"""

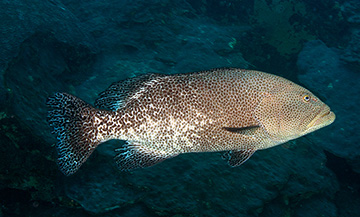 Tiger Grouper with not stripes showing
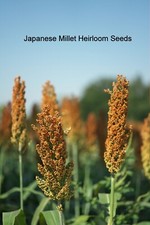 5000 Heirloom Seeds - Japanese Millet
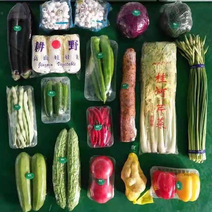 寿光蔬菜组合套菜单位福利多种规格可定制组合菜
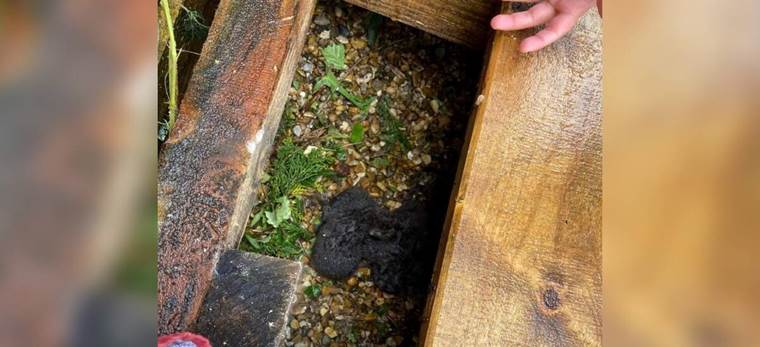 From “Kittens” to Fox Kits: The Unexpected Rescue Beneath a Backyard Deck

"""
"""

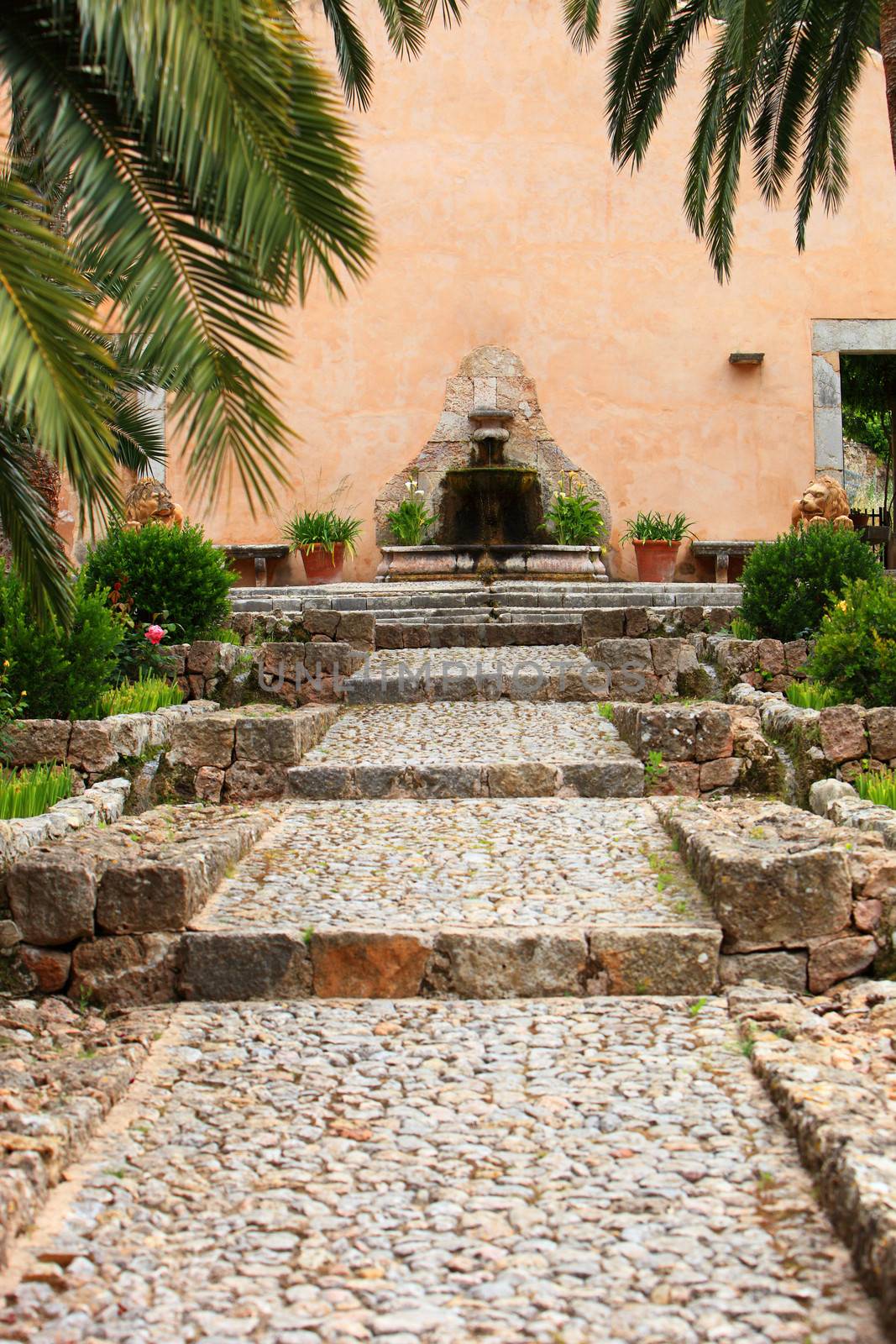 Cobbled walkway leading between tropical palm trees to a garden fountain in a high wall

"""

## Requirement:
Give exactly the lines above that run from the line with "寿光蔬菜组合套菜单位福利多种规格可定制组合菜" to the line with "a Backyard Deck", both included, leaving every picture out.

## Written reply:
 寿光蔬菜组合套菜单位福利多种规格可定制组合菜
 From “Kittens” to Fox Kits: The Unexpected Rescue Beneath a Backyard Deck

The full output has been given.